As shown in FIG. 45, upon detection of absolute coordinate data
about the input pattern written in the following order (or writing
direction): (x.sub.0, y.sub.0), (x.sub.1, y.sub.1), (x.sub.2,
y.sub.2) and (X.sub.3, y.sub.3), the movement distance calculation
means 310 calculates relative coordinate data (p.sub.0, q.sub.0),
(p.sub.1, q.sub.1), and (p.sub.2, q.sub.2). In this process,
p.sub.n and q.sub.n (n=0 to 2) are calculated as
p.sub.n=x.sub.n+1-x.sub.n and q.sub.n=y.sub.n+1-y.sub.n,
respectively.
[0262] The operation of the eighth preferred embodiment will be
described with reference to the flowchart of FIG. 44. First, in
Step S11, the control means 24h controls the input section 20 to
acquire an input pattern.
[0263] Next, in Step S301, the control means 24h inquires of the
operating mode control means 301 as to the current operating mode.
If the operating mode indicates the character recognition, the
process proceeds to Step S12 for the subsequent processes similar
to those of the seventh preferred embodiment. If not, the process
proceeds to Step S304. In this example, the operating mode which
indicates no character recognition will be described.
[0264] In Step S304, the control means 24h sends the input pattern
obtained by the input section 20 to the movement distance
calculation means 310, and the movement distance calculation means
310 calculates relative coordinates based on the absolute
coordinates of the entire input pattern. The relative coordinates
generated by the movement distance calculation means 310 are
calculated, for example, in a manner described with reference to
FIG. 45.
[0265] Next, in Step S305, the control means 24h sends all of the
relative coordinates generated by the movement distance calculation
means 310 to the key code generation means 311, and the key code
generation means 311 generates key codes corresponding to all pairs
of the relative coordinates.
[0266] Next, in Step S3, the control means 24h sends all of the key
codes corresponding to the respective pairs of absolute coordinates
generated by the key code generation means 42 to the connection
section 302. The connection section 302 sends the key codes to the
external device such as the portable telephone 10.
[0267] Next, in Step S4, the control means 24h judges whether or
not input is terminated. In this example, it is assumed that input
is terminated and the process is terminated.
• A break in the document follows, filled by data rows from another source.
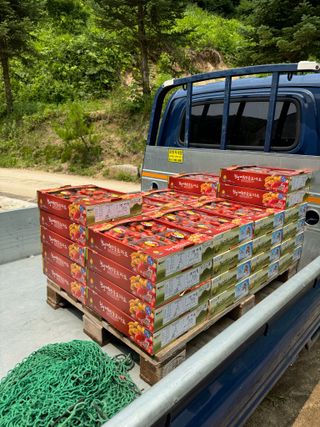 연재홍님의 토마토 · 영농일지 작성글 사진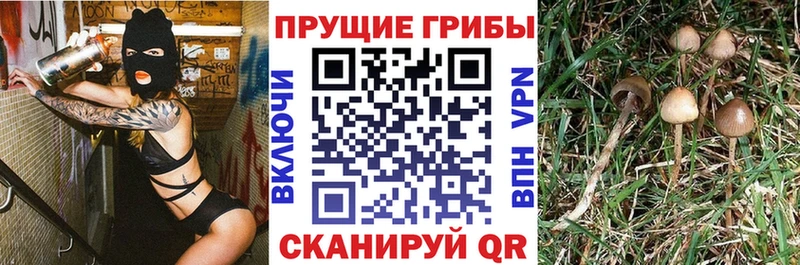 Галлюциногенные грибы мухоморы  Питкяранта 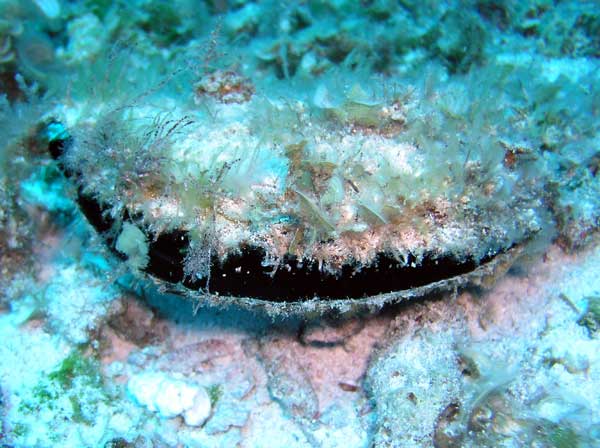 Ostrica perlifera dalle labbra nere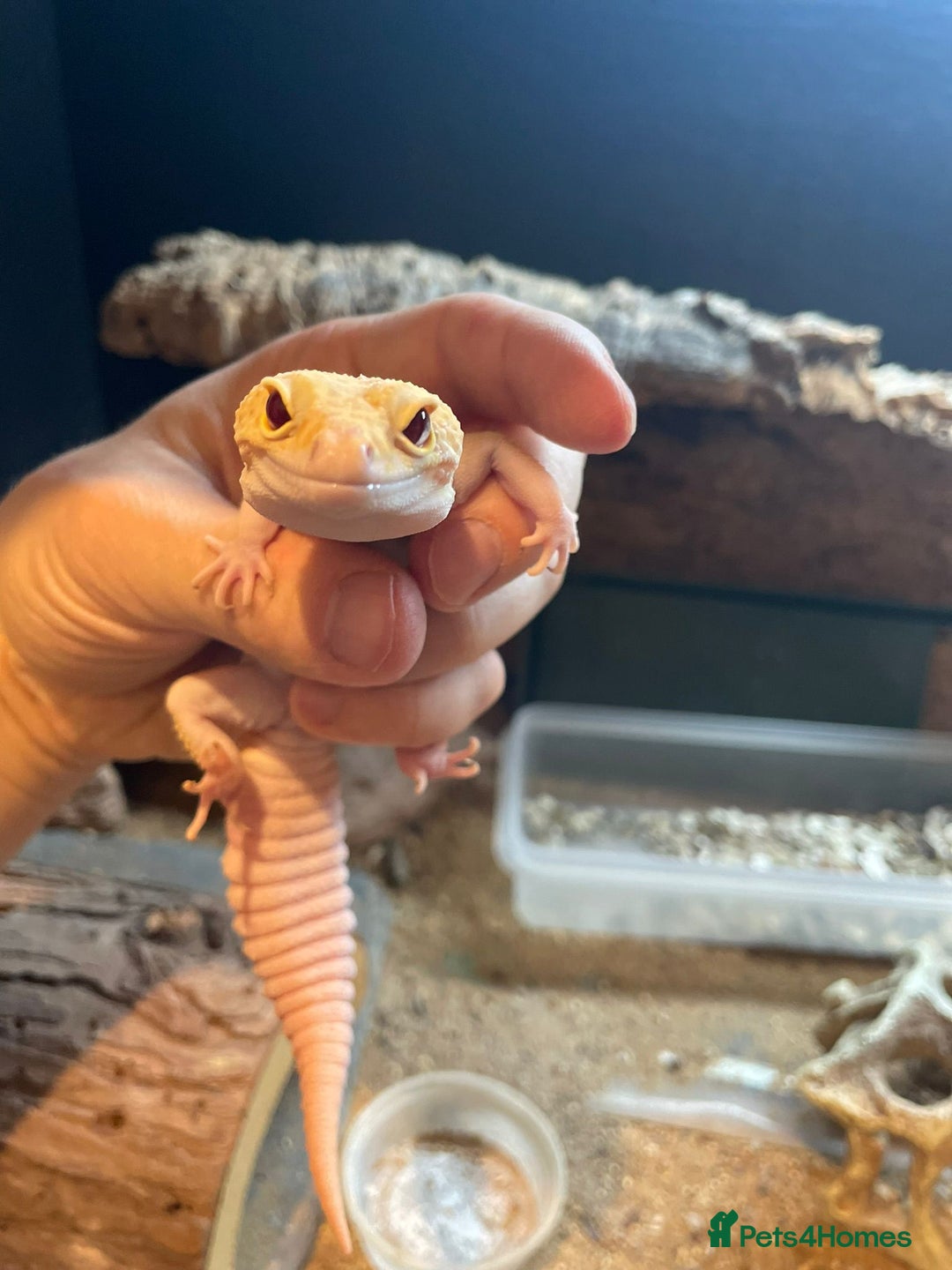 Leopard Gecko reptiles for sale: 2 Female Leopard Geckos for Sale - Image 2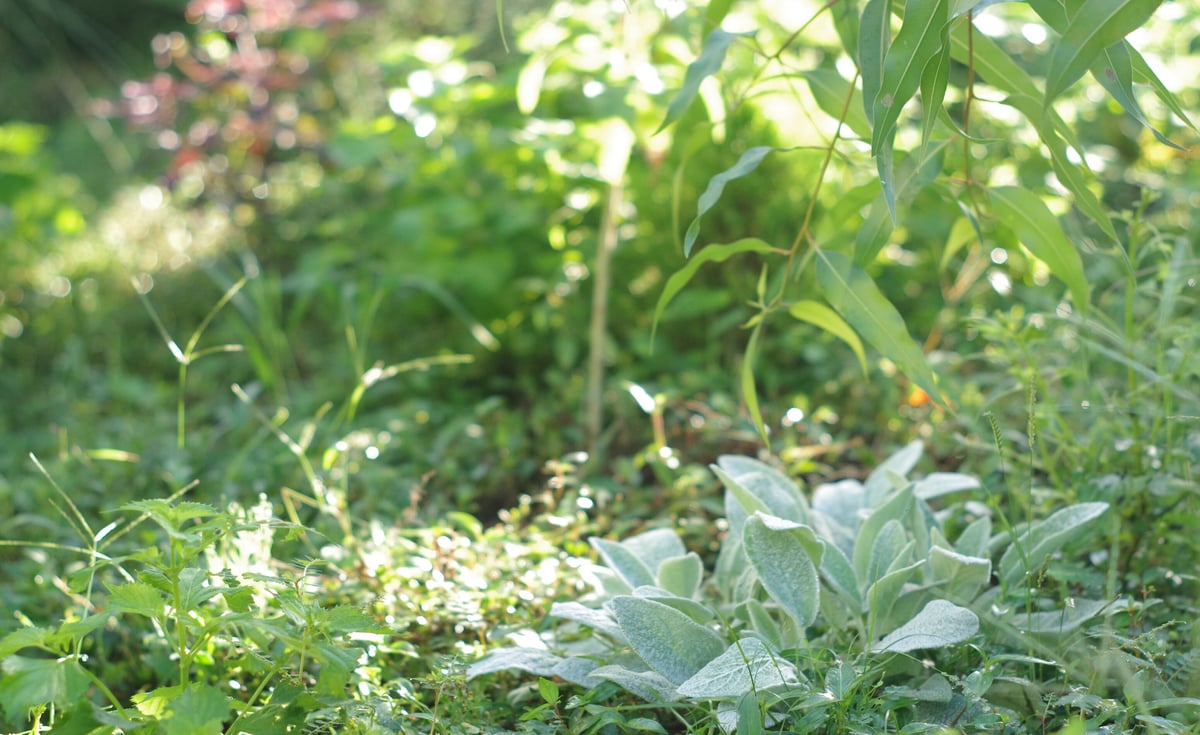 ライムズイヤーとロシアンセージ、ブルーファンタジーのシックで素朴な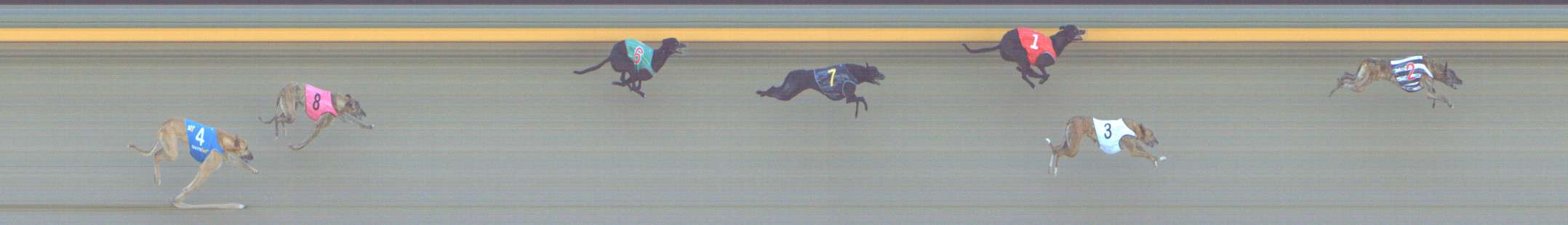 Photo finish for Shepparton Race 12
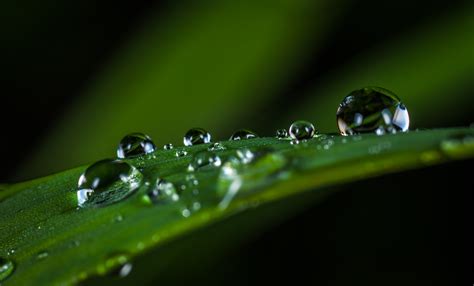 Macro Photography Of Water Drops · Free Stock Photo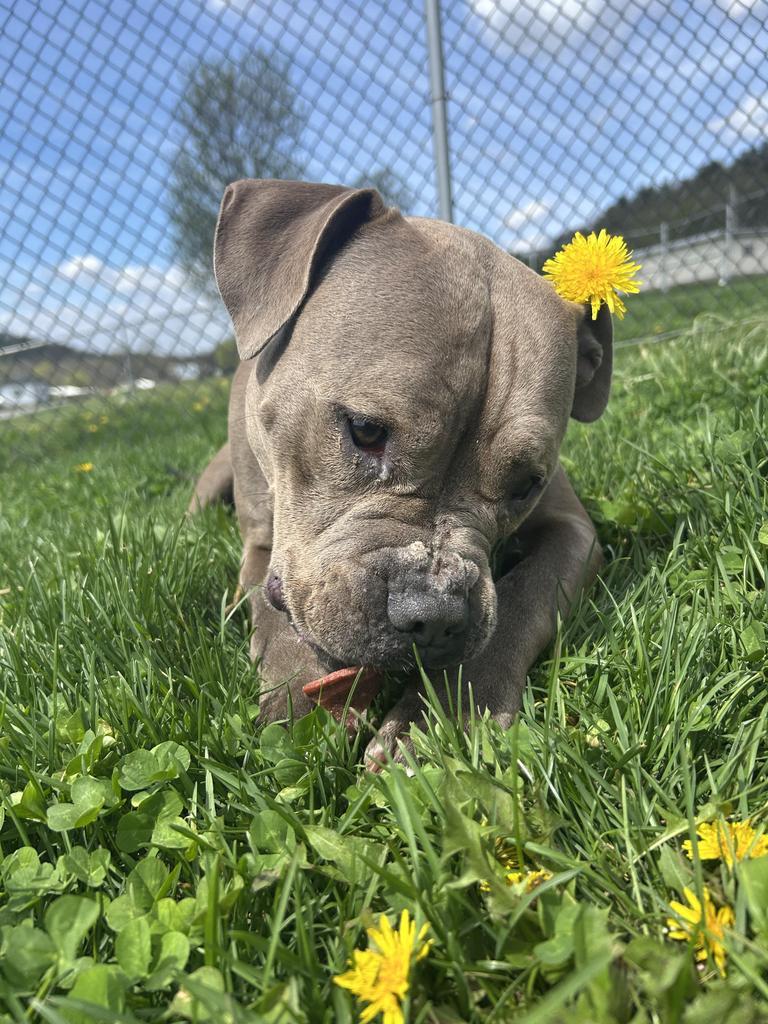 Enlarge Willow, a Adoptable Mixed Breed in New Manchester, WV image 5/6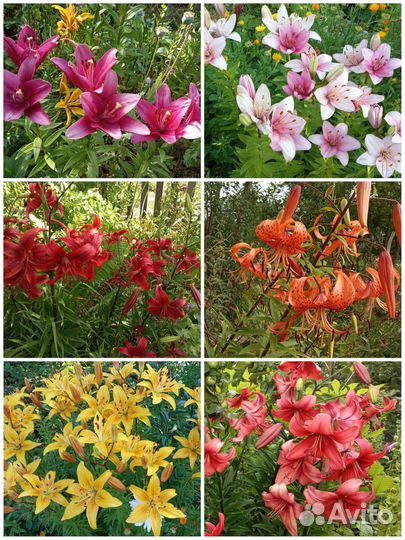 Растения для сада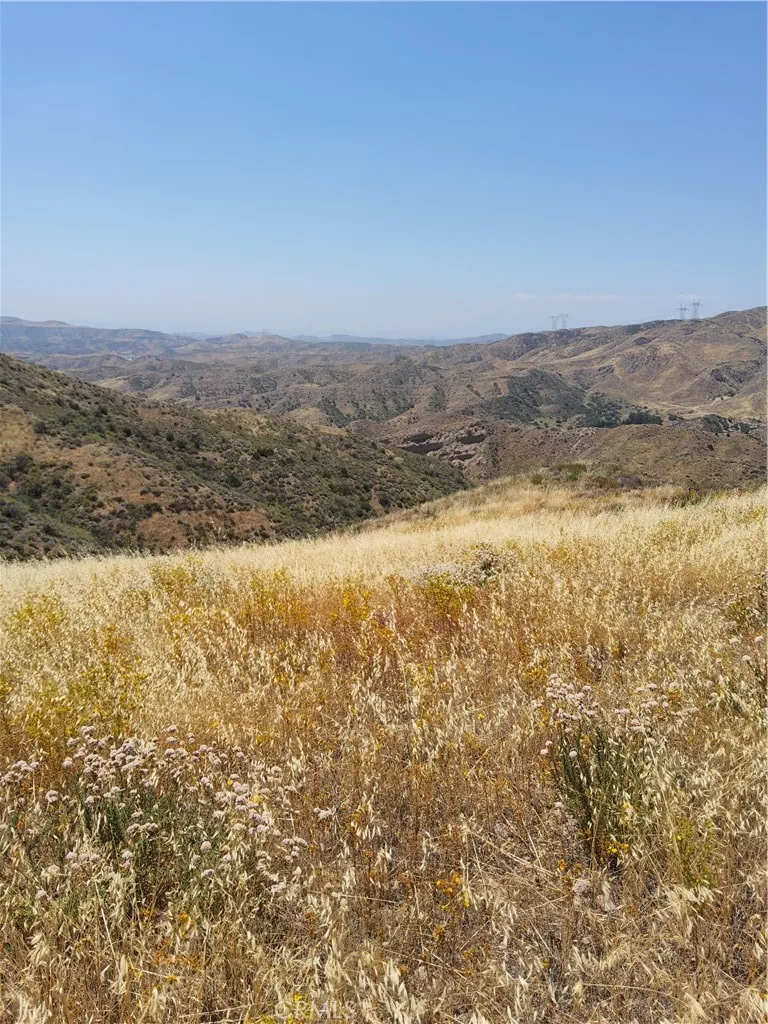 9 Agua Dulce, CA 91351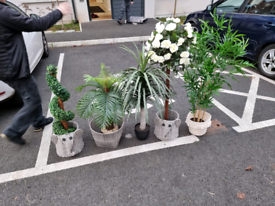 5 indoor artificial plants £99 the lot 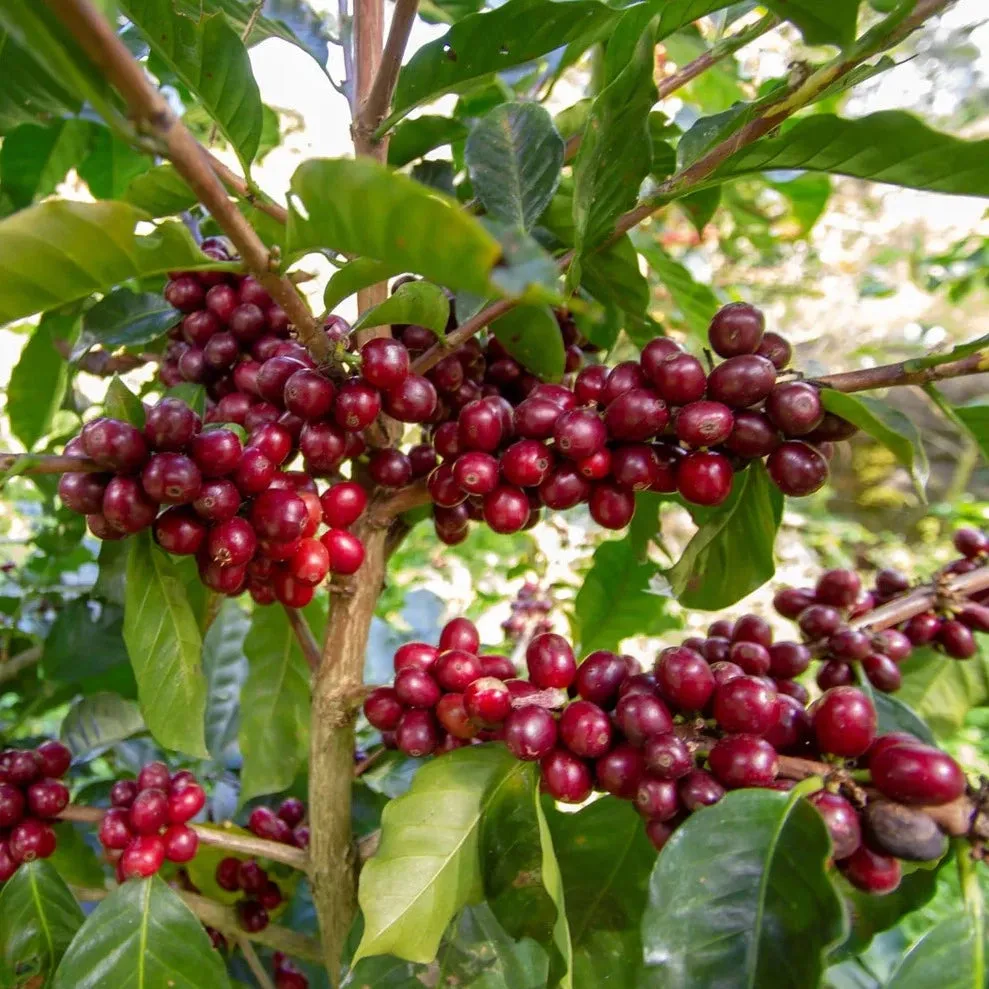 Finca Agua Sarca Maracaturra Natural Anaerobic - Festive Season's Coffee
[0268] As described above, the auxiliary input device according to
the eighth preferred embodiment comprises the movement distance
calculation means 310 for calculating the relative coordinates from
the input pattern from the input section 20, and the key code
generation means 311 for converting the relative coordinate pair
into the corresponding key code. This allows the implementation of
an application (e.g., mouse-like use) which uses the relative
coordinate data in the external device, thereby to improve the
applicability of the auxiliary input device.
[0269] The use of the relative coordinate data reduces the amount
of information as compared with the absolute coordinate data, to
allow accordingly efficient data transmission.
[0270] Ninth Preferred Embodiment
[0271] FIG. 46 is a block diagram of the auxiliary input device
according to a ninth preferred embodiment of the present invention.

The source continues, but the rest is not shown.